Labour Party leader Andrew Little does not believe the Government had no knowledge of whether Australian officials paid people-smugglers to turn around a boat full of refugees.
Migrants trying to reach New Zealand said crew on their vessel, intercepted by an Australian patrol in May, were paid to turn back to Indonesia.
Senior Australian government ministers, including Prime Minister Tony Abbott, are refusing to confirm or deny the claims.
Prime Minister John Key said he had no knowledge of whether Australian officials paid people-smugglers to turn around a boat full of refugees.
Mr Little told Morning Report he was not convinced.
"State governments are communicating with each other all the time on issues just like this," he said.
"I just do not believe that our government would not have known about this, would not have known about the payments.
"It's interesting to see that there is a New Zealand police officer now interviewing people on the boat."
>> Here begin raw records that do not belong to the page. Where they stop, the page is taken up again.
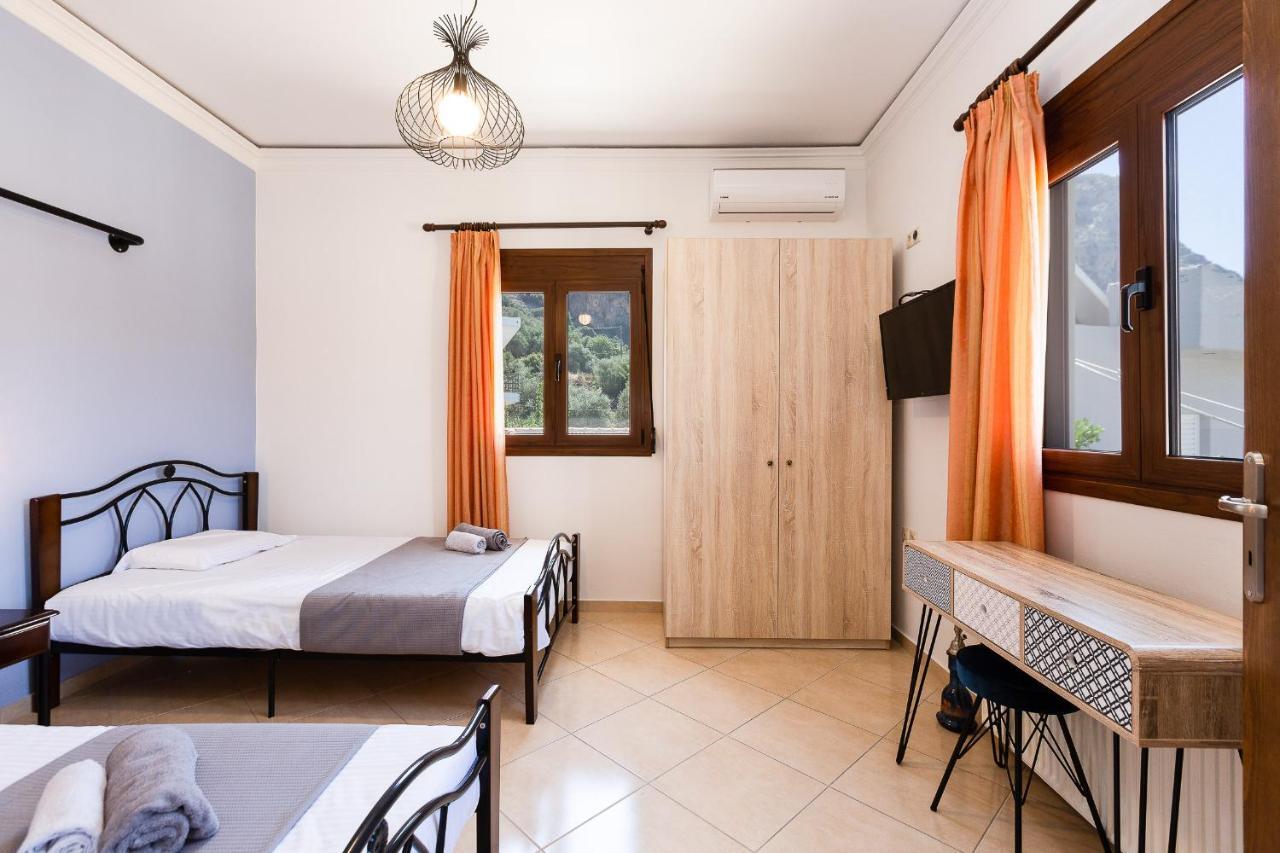 Stefanakos House Villa Spilion Exterior photo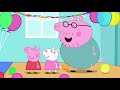 Peppa Pig Full Episodes Soft Play 30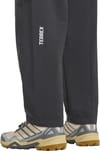 adidas + Cargo Pants M Black - 4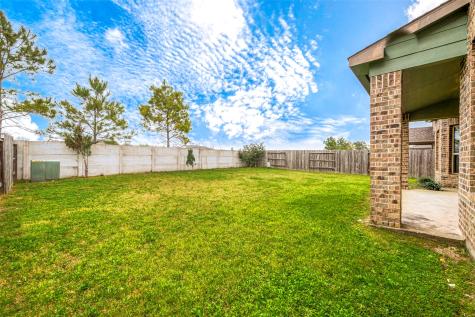 2711 Rogliano Lane League City TX 77573
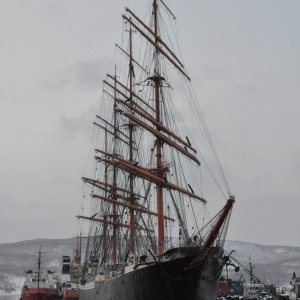SEDOV-СЕДОВ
Immigration New Zealand said yesterday a police officer from this country was an observer in the Indonesian police-led investigation into the alleged people-smuggling operation.
The boat with 65 people on board was intercepted by an Australian border patrol after setting off from West Java on 5 May. The asylum seekers told police the Australians transferred them to a more seaworthy boat and escorted them back to Indonesian waters.
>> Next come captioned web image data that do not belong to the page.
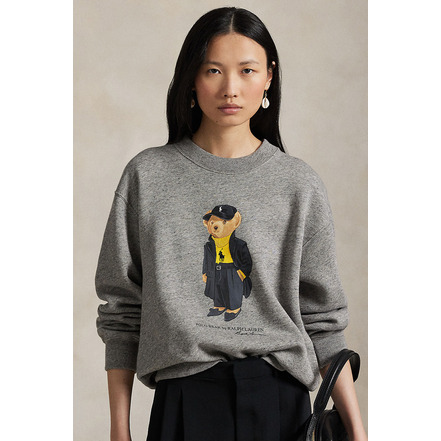 Ralph Lauren sweater grey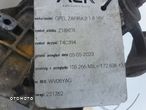 Opel Zafira B 1.6 16V SKRZYNIA BIEGÓW T4C394 manual manualna - 3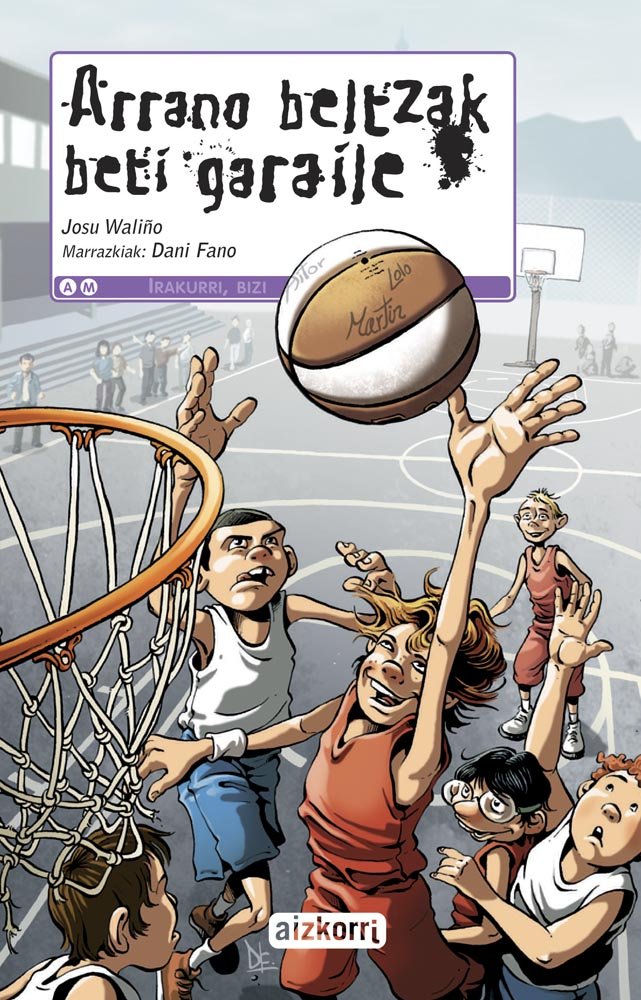 Arrano beltzak beti garaile Social Sciences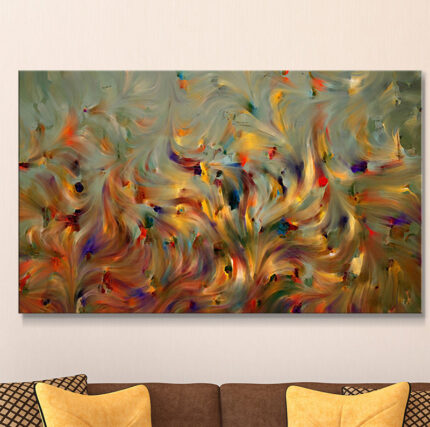 ” Faith, Not Emotion ” by Mark Lawrence - Chic Decora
However the vessel crashed onto a reef near the remote Rote Island, off West Papua, in late May, where it was found by fishermen and rescued by the Indonesian navy.
One of the migrants told Radio New Zealand that when the boat was intercepted, maritime authorities spent several hours talking to the boat's captain and crew, after which the captain was seen putting Australian money into his pocket.
Speaking from Kupang, Indonesia, Nazmul Hassan, told Morning Report at least $A7200 was paid to the captain and crew for each passenger. Mr Hassan said Indonesian authorities later confiscated much of that money.